Ecrit par Martine L. Petauton le 15 octobre 2016. dans La une, Politique, Actualité

Atterrée à moins que sidérée...

L'actualité – c'est formidable pour RDT – nous alimente avec une constance de mère nourricière, et cette semaine, le choix s'est présenté vaste comme ces buffets où l'on peut pour un prix x, se goinfrer à l'infini.  Quid des premières lances brisées au tournoi des Primaires de la Droite, tandis que, presque dans le même temps médiatique il nous fallut dresser l'oreille – à défaut de l’œil, au vrombissement du «  Confidences d'un président qui ne devrait pas dire... », si l'on me permet d'en bidouiller le titre.

 Dans les deux cas, j'en ressors atterrée, c'est à dire consternée, et sidérée, comme arrêtée en vol, rassouillée plus que par notre épisode cévenol Héraultais ; de la flotte froide qui vous étouffe et un vent de tempête qui submerge le peu de sérénité que vous aviez encore au fond des poches.

 Les 7 chevaliers tout sauf blancs des Droites, agencés comme à la messe, pas toujours à l'aise – ce genre de ballet démocratique n'étant pas si usuel dans ce camp – nous en ont donné pour feu notre redevance.
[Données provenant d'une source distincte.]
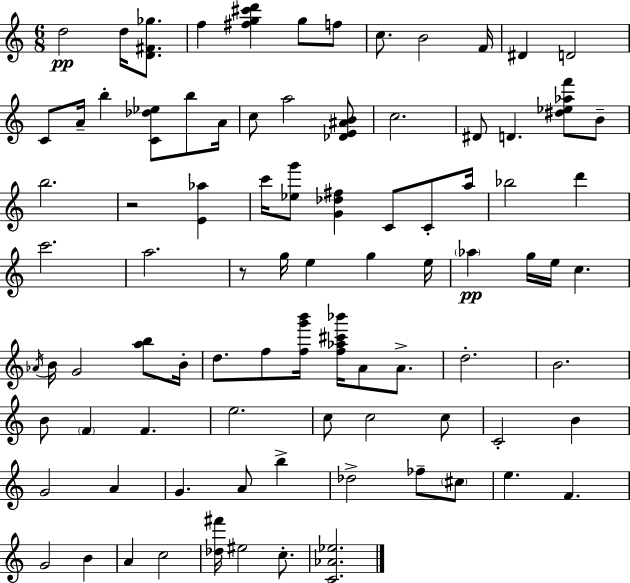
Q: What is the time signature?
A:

Tant, par le dessous des programmes aux hampes ( il faut tendre l'oreille à ce – plus libéral que moi, tu meurs, et à ce simplet défaire le quinquennat Hollande, et tout baignera), que par – jouissif – ce parfum saturant le studio de haines recuites ou plus fraîches, dont le spectacle fut vraiment à la hauteur. Tout ça nageait dans un XVIème siècle des guerres de religion, des Guise aux abois ou des lansquenets de Henri III, planqués dans l'escalier de Blois, aux petites heures. Les regards, les postures gestuelles, les mimiques retenues ; parfois le bruit d'une arme tombant : ce marmonnement de Fillon à Coppé – tu réécris l'Histoire, ce glaçant – tu n'étais pas assez important pour traiter de cette loi sur la  Burka, à Coppé encore,  venu d'un Sarkozy, impérator fulminant égaré dans ce peuple ... J'encourage ceux qui ont loupé ce volet 1 de la série à s'y précipiter en replay d' urgence...

A tout seigneur... il convient aussi de s'occuper du  président... le mien, notamment. Premier exploit, il y a peu, souvenons-nous : avoir accepté la manœuvre quasi folle d'acheter des trains – foin de la SNCF, pour contenter un petit nombre d'employés d'Alstom-Belfort, que l'on voulait « déporter » quelques miles au Nord. Trains qu'on donne à fabriquer, puis à faire rouler, si j'ai bien compris, sur d'improbables et non nécessaires trajets, assortis de contraintes techniques, donnant au projet un air de conte pour enfants quelque peu crédules... Grands travaux du XIXème à moins qu' image de ces rois – d'Ancien Régime bien sûr, octroyant de baroques cadeaux à leurs sujets. Carie  déjà fort dérangeante. Non content de ça,  et quasi dans la foulée, le livre, non du siècle mais du quinquennat, ce Verbatim au petit pied, pas d'un conseiller partant de sa position pour regarder et causer sur le règne, mais – autre façon,  sorte de fenêtre ouverte sur l'Exécutif  dans ses œuvres, au quotidien, observant « tout » et le reste ( à quatre yeux et oreilles de deux journalistes choisis, comment et sur quels critères, mystère) pour en faire un rendu-somme – plus de 600 pages – censé  être un Mon quinquennat vu par moi,  par  François Hollande... La démarche m'échappe un peu, si ce n'est la certitude de la maladresse et de l'inopportunité.  La façon dont on l'exploite, triturant bribe de confidence et reste de phrase tronquée, par contre, n'échappe à personne, en ces temps difficiles et délicats de fin de mandat. Il fallait s'y attendre et  il est impossible, pour autant, me semble-t-il de défendre là, quelque chose ou quelqu'un.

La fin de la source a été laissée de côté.